Mike was schooling one of his horses. I ambled up. “‘lost my mules. Have you seen any around here?” I asked.
“Lost, as in died?” he wanted to know. “Does this happen a lot with you?”
I explained that no, it was acually rare for me to loose my mounts in such spectacular fashion and yes, I still held out hope they were alive.
Still, I cursed myself. Between Woody and Maggie, I’d just put in a combined 7000 miles of cross country riding from North Carolina to California. Never had a spot of trouble. Now, in my own back yard, I’d left their gate open and they’d just wandered off.
I excused myself, drove another stretch down May Street and there they were.
I spotted Maggie first, her black and white hide standing out against the dead grass like an ink stain on my favorite white shirt. Aha!
Then Woody, Jack and Bill came into view, all standing very contently in a very borrowed pasture. Someone had caught them in the night (I later learned it was 3:00 AM), put them up into their field and assumed what ever idiot had lost them would eventually claim them.
They were right. Now that idiot just had to figure out how to get them home.
I’d long ago discovered that Maggie was the ringleader of the group. The mules were smitten with her so I just put on her halter, rigged the lead rope into reins and jumped on her back. The rest of the Mule Nation just followed her home as happily as they’d undoubtedly followed her off the farm.
Return of the Mule Nation
Now I’m not much of an emotional person. But as soon as I had my mounts turned loose in their pasture I walked over and gave each on a hug.

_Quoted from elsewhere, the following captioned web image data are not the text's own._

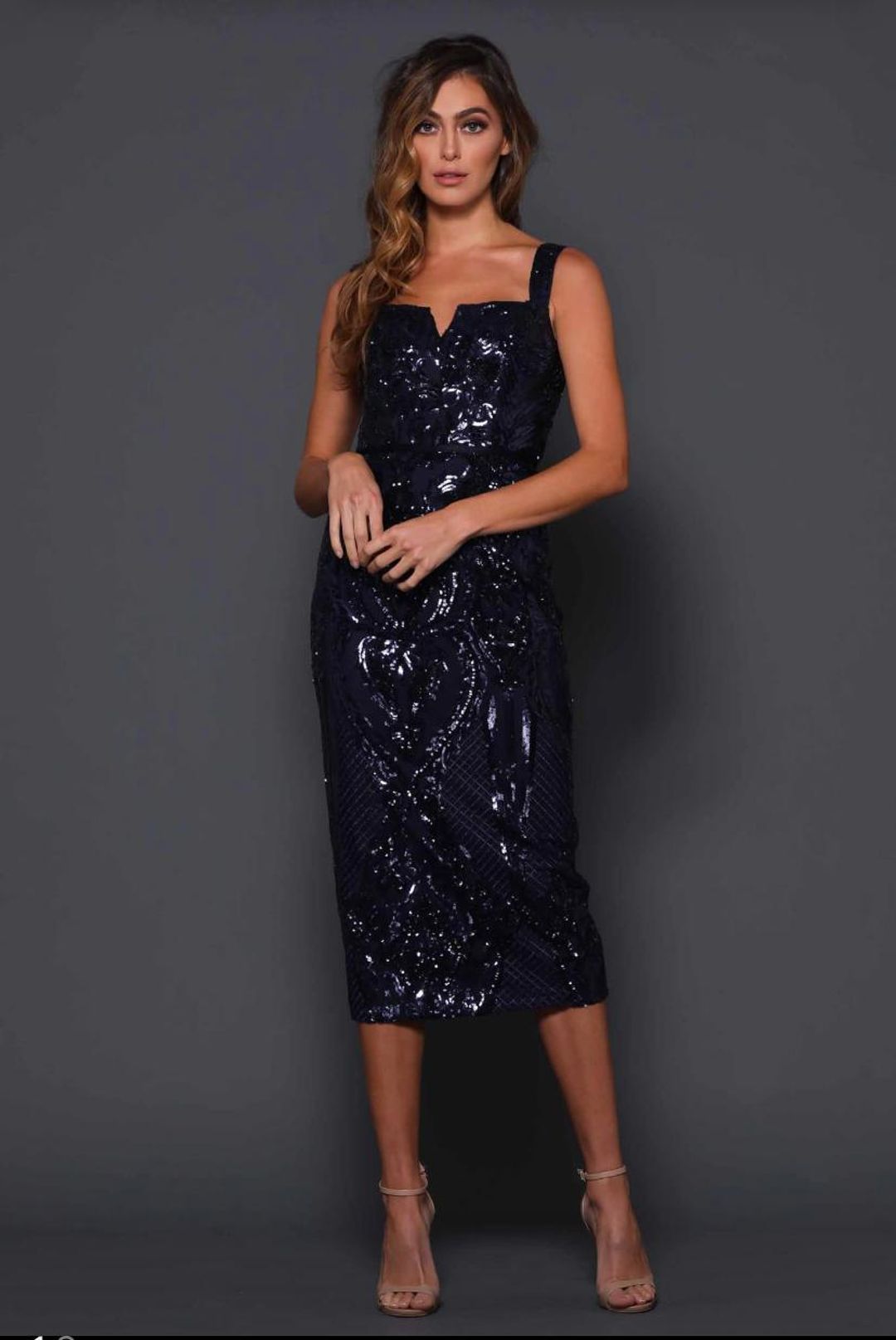 Elle Zeitoune Size 12 for rent on The Volte - main image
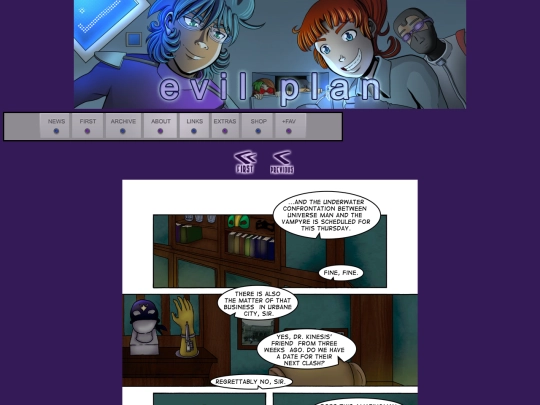 evilplan screenshot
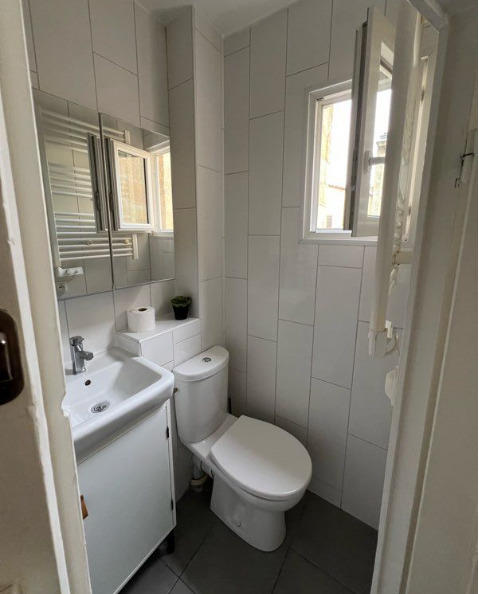 Appartement - 25 m² - 1 pièce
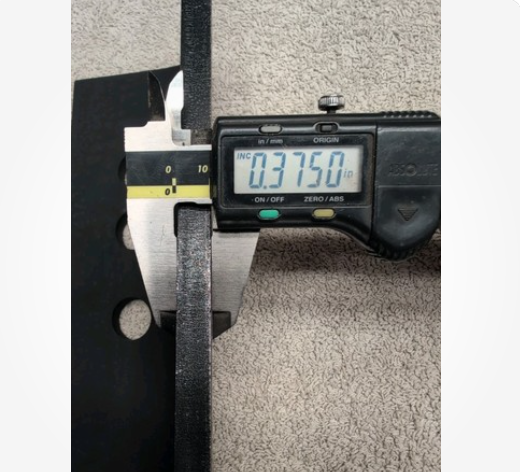 Manure Spreader Left Hand Beater Paddle fits Artex, JBS, Pik Rite, Meyers, Hagedorn, Roda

Suddenly it didn’t matter that I drove an old truck and my mules wore second hand harness that belonged in the charity league. The glorius fact remained I had close friends, a trusty Dodge, a team of mules and a pony that stirred the pot just to make things exciting.
Then, having given thanks, I went back and shut the gate.
And tied it…
Tomorrow I must call Craig.
(Thanks Mel, Beth, Peter and Suzie and everyone else who helped me re-capture my mules. Thanks also to Susan Edwards for the superb photos – Bernie)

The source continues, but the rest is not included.